The mineral quartz might hold the key to why continental plates consistently deform in certain regions, a puzzle that’s remained hard to answer despite revolutions in our understanding of plate tectonics.
Publishing in Nature, Anthony Lowry and Marta Pérez-Gussinyé use data from the EarthScope Transportable Array, a programme that is steadily measuring seismic activity across the United States, along with gravity and heat flow data, to estimate the relative proportion of quartz in the crust and look for geographic variation.
Their research took the relatively novel approach of mapping the ratio between pressure waves (vp) – longitudinal sound waves travelling through the crust, and shear waves (vs) – transverse waves that make the crust move like ripples on a pond. This ratio is not a measure used often in research, as it can be inaccurate and is altered by a number of other factors, such as crust thickness. To iron out these inaccuracies, they combined the ratio values with established data from gravity surveys and estimates of heat flow.
The authors argue that a low vp to vs ratio, less than 1.8, correlates to high concentrations of quartz in the crust, and that as quartz is fragile and prone to flow at the temperatures found at depth, this creates weak zones in the crust. Once these regions of weakness establish a deformation zone, this encourages further weakening processes such as the ingress of water and increased heat flow. This dynamic feedback system would ensure that the crust consistently deforms in regions of high quartz, and could even contribute to a weakening of the mantle layer below the crust, further ensuring a zone of weakness is maintained over many millions of years.

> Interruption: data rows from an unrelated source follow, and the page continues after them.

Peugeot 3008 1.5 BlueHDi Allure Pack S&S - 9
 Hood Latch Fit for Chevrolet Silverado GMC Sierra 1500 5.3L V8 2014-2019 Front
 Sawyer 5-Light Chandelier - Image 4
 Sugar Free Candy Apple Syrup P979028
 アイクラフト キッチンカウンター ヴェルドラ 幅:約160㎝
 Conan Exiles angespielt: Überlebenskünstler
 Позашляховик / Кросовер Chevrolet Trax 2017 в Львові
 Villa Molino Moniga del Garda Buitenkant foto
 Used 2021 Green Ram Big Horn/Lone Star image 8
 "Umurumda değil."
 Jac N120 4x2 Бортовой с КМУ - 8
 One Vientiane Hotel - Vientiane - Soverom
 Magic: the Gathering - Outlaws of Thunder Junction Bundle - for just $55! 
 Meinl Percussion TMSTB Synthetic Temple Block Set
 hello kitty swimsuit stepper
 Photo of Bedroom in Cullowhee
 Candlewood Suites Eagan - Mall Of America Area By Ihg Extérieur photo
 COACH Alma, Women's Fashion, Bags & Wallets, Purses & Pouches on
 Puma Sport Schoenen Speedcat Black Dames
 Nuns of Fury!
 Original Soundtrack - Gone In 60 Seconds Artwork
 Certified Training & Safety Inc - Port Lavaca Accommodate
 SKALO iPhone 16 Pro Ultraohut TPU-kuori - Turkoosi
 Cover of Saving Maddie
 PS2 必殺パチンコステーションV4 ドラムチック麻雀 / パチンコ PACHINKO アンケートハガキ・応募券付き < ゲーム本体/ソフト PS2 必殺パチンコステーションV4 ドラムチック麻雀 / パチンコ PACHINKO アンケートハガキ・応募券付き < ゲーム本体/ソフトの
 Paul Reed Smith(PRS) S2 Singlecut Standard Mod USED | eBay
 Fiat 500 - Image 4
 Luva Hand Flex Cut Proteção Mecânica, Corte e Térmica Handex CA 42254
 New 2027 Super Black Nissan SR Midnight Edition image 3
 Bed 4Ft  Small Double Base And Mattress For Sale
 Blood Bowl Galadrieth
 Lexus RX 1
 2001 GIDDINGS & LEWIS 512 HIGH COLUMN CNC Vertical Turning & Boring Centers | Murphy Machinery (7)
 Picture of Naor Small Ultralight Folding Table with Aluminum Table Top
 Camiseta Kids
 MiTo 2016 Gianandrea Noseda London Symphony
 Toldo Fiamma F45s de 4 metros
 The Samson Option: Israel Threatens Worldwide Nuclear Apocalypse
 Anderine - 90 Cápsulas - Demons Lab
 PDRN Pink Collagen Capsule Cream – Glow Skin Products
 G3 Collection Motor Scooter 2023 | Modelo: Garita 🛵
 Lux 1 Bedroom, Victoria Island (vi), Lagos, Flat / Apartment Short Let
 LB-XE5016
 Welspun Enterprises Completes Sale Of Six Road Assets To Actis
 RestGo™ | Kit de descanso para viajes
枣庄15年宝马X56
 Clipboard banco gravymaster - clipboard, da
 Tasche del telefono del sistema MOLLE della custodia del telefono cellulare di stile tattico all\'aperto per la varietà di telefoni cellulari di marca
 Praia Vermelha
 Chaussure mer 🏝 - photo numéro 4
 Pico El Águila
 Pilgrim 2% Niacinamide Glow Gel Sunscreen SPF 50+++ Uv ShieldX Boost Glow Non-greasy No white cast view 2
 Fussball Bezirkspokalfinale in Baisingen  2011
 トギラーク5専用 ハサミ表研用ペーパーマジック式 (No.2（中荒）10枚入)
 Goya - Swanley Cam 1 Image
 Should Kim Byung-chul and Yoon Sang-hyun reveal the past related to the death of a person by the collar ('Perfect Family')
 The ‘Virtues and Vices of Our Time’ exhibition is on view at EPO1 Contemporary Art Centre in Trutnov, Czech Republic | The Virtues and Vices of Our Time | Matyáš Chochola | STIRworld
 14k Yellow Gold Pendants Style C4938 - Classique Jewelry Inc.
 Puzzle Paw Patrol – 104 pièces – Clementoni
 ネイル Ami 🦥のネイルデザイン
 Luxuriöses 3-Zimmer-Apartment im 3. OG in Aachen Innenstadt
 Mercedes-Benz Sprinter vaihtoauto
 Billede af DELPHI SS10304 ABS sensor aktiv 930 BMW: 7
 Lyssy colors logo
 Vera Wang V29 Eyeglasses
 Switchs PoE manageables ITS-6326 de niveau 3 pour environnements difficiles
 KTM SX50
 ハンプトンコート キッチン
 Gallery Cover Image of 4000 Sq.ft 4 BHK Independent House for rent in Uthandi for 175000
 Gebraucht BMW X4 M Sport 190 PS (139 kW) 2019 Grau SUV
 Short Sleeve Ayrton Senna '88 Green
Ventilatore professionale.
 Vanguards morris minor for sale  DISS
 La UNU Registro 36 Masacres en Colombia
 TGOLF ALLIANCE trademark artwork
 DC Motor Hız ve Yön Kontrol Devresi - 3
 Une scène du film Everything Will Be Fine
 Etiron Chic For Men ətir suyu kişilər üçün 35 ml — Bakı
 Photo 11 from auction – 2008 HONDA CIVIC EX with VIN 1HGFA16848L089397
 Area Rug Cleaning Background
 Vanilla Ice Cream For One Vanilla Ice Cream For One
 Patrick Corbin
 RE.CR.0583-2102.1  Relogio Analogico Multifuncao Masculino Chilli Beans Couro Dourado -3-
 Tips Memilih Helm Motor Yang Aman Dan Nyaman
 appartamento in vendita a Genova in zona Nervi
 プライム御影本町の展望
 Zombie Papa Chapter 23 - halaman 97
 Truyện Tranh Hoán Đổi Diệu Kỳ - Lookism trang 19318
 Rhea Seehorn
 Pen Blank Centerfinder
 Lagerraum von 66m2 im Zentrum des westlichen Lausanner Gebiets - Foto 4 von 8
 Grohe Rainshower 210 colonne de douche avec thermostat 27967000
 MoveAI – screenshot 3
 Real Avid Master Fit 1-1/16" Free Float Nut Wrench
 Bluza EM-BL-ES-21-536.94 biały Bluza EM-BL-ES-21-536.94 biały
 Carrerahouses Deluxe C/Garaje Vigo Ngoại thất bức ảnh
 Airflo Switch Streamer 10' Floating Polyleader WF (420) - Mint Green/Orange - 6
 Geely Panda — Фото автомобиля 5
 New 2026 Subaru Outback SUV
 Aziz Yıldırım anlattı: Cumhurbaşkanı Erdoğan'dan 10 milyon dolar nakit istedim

Not only could this model elucidate the role of quartz in making mountain ranges, but it could also help to explain some of the more unusual types of earthquake – those that occur in the middle of continental plates, where there is little or no evidence of the fault lines we associate with the more familiar and better understood earthquakes.
This study only observes an area of the Western United States, but the authors intend to keep monitoring the data as EarthScope moves east, eventually measuring activity across the entire country at 70km intervals. Looking at geologically active regions across the world could give us an even better idea about the role of quartz in sculpting our continents.